Each major section is further divided into “discourse units.” Gorman’s commentary is not exegetical nor word-for-word (it is not that kind of commentary). Certainly, he has done the exegesis and read the secondary literature, but that is all in the background. Instead, he discusses the theological and practical ramifications of the text. Gorman grounds his commentary in Paul’s concerns and draws out the implication for Christian spiritual growth in a contemporary context.

Let me offer one example based on his commentary on Romans 13:1-7. First, he entitles this unit “a nonrevolutionary but subversive community.” He briefly sketches the situation of the house churches in Rome. Opposition to the believers arose during synagogue disputes, resulting in Claudius’s expulsion of Jews from Rome. This was a political act designed to break up a potential political threat. Jewish messianic expectation was anti-oppressor and therefore anti-Roman, since Rome was the ultimate oppressor of God’s people. Although Romans 13 is often labeled conservative, even pro-Roman (especially compared to Revelation 13), Gorman points out that the gospel Paul proclaims is inherently anti-imperial: Jesus and Caesar cannot both rule the universe. This means “the gospel Paul proclaims cannot in any way a spouse blind nationalism, hyper patriotism, or an uncritical stance toward political authorities” (254). Although he does not name names at this point in the book, Gorman applies this to the use of Romans 13:1-7 by then attorney general Jeff Sessions and White House spokesperson Sarah Sanders in the context of separating children and parents at the border. “Rather than being a blanket call to obedience and allegiance, which is reserved for God alone, Romans 13:1-7—when read in context—actually supports Christian opposition to many laws and practices. The Christian is free from the tyranny of obedience to political figures and entities but obligated to love and to work for the common good, even when doing so is an act of disobedience” (257).
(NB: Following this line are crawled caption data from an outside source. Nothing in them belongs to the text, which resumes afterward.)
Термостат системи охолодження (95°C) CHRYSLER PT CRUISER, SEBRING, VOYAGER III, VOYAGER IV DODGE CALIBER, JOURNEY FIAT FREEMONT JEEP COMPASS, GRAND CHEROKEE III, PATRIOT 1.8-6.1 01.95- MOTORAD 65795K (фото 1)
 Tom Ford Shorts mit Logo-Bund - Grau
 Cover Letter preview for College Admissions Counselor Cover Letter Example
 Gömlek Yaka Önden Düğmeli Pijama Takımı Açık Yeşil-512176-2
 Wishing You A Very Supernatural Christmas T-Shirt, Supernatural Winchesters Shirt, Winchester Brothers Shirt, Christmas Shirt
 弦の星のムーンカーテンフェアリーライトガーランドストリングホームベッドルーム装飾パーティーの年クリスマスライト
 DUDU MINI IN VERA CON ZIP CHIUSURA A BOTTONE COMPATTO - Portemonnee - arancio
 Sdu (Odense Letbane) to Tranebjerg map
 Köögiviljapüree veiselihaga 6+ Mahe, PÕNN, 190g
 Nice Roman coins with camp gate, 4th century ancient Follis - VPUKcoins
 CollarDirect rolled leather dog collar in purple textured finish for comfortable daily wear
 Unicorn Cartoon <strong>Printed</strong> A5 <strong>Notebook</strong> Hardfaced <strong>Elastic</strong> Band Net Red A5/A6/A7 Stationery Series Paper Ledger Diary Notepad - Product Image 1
Gorman supplements the commentary with helpful charts. For example, in order to illustrate the close connection between justification and sanctification, Gorman compares Galatians 2:15-21 (justification) and Romans 6:1-7:6 (baptism). “Justification is like baptism, and vice versa. More precisely, justification and baptism are two sides of the one coin of entrance into Christ and his body through dying and rising with him… it is difficult to imagine a more appropriate image for thoroughgoing participation than the liquid metaphor of immersion” (167-68). He summarizes the people in Romans 16 in a chart. (Phoebe is a gentile woman who is almost certainly the letter bearer and quite probably its interpreter. Junia is a female, prominent apostle).

The first two chapters and each major unit of the commentary conclude with reflections and questions. These are divided into two categories: “spiritual, pastoral, and theological reflections, and “questions for those who read, teach, and preach.” None of these are softball questions! The questions should tease out additional implications from the text and take the reader to an application beyond Paul’s original context. A surprising example is the use of Romans 14-15 to discuss a Christian approach to eating. Gorman asks the reader to consider a justice dimension to food production and food consumption. Gorman sees both as having a spiritual dimension. For those teaching Romans in a classroom, these questions would make for excellent student papers. For those preaching Romans in a local church, these questions are hints for pastoral applications which will resonate with people as they grapple with the text of Romans.

Following these questions for reflection is “for further reading.” In the introductory chapters, these are divided into “highly accessible commentaries and books,” midlevel commentaries and books,” and “technical commentaries and books.” These bibliographies will be helpful for students who wish to work more deeply on the book of Romans.

Conclusion. Gorman’s commentary on Romans is a pleasure to read and will serve pastors and teachers well as they prepare to present Paul’s dense theology to their congregations. If you are planning to preach through the book of Romans, buy this commentary.


NB: Thanks to Eerdmans for kindly providing me with a review copy of this book. This did not influence my thoughts regarding the work.